Gruber agrees with this analysis.
“There are no subsidies in this market, so young healthies would have every incentive to exit,” he said. “We could end up back where we were before the mandate — a market that just has old and sick [people paying] incredibly high prices.”
Quote: But John McDonough, a Harvard health policy expert and another architect of Romney’s Massachusetts law takes a less grim view.
“It would depend on how such a law was written and how it would affect all state insurance mandates, not just those in Massachusetts,” he wrote in an email. “An individual who purchased a policy across state lines would still be legally subject to the requirements of the MA health reform law with it’s ‘minimum creditable coverage’ requirements … unless the ‘states’ rights’ supporting President Romney and Congress chose to override such state requirements and prerogatives.”

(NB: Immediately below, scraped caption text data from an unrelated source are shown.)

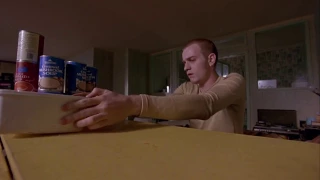 Trainspotting 1996 -  Renton decides to quit heroin scene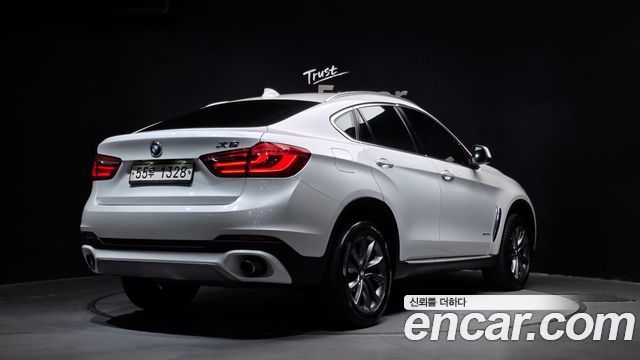 BMW X6 xDrive 30d — пробег 94 999 км — фото 2 из 5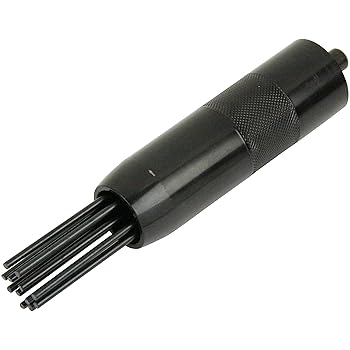 【中古】SK11エスケー11 ニードルスケールヘッド 大気圏鉄鎚 AHM-661K AHM-881K用 AHM-NDH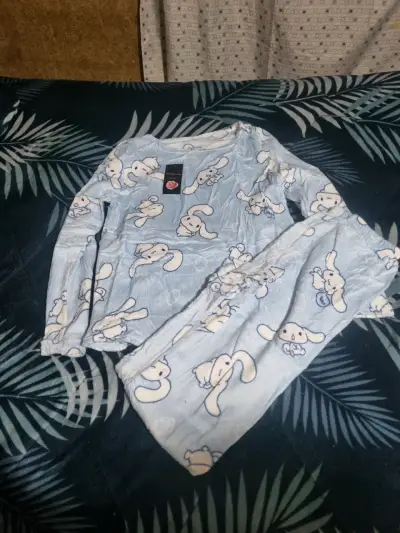 Pijama polar para mujer - miniatura 2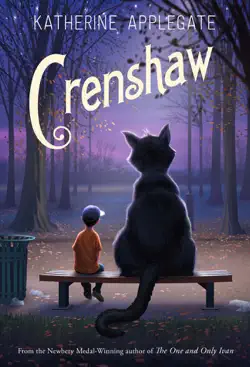 crenshaw book cover image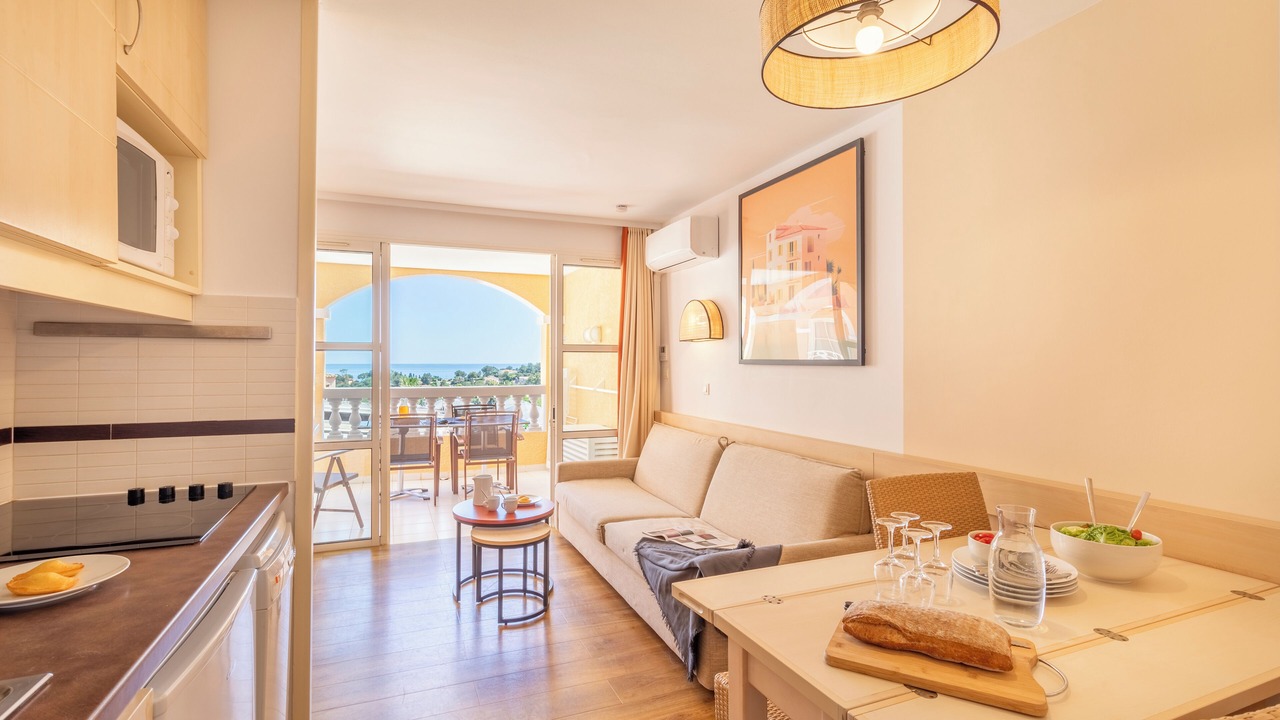 Photo of Kitchen in Cap Esterel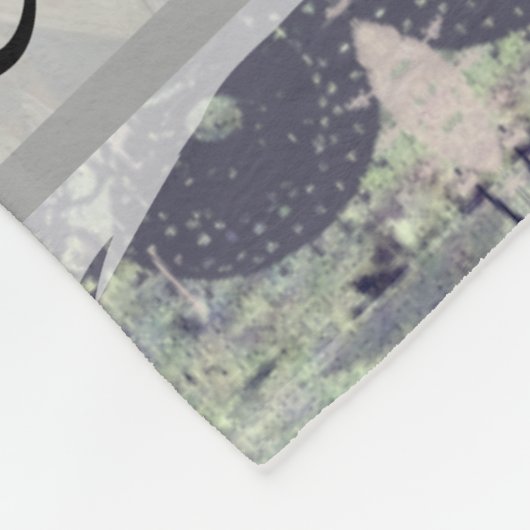 Couverture Polaire 4 Photos HoneyMoon (Coin)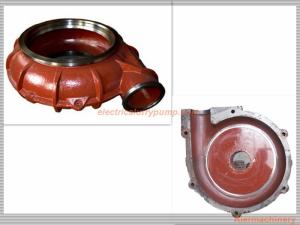 China Horizontal Centrifugal Pump System , Centrifugal Mud Pump High Hardness wholesale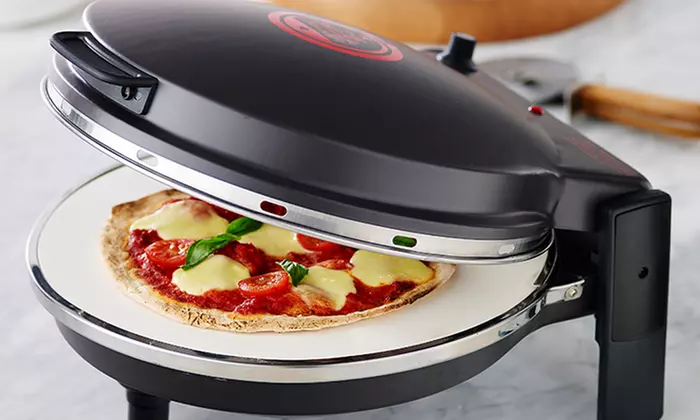 New Wave Multi Pizza Maker - Primary Image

Absent an explicit pre-emption, he suspects that the Commonwealth Choice system would survive — because, he noted, allowing the sale of insurance across state lines “is the silliest and most uninformed health policy idea I’ve seen in about 30 years. Just dumb.”
He illustrated with a hypothetical.
“OK, I can buy a health insurance policy from Blue Cross Blue Shield of Alabama, lucky me!” he writes. “But with what providers in Massachusetts does BCB of A have contracts to pay for services? None.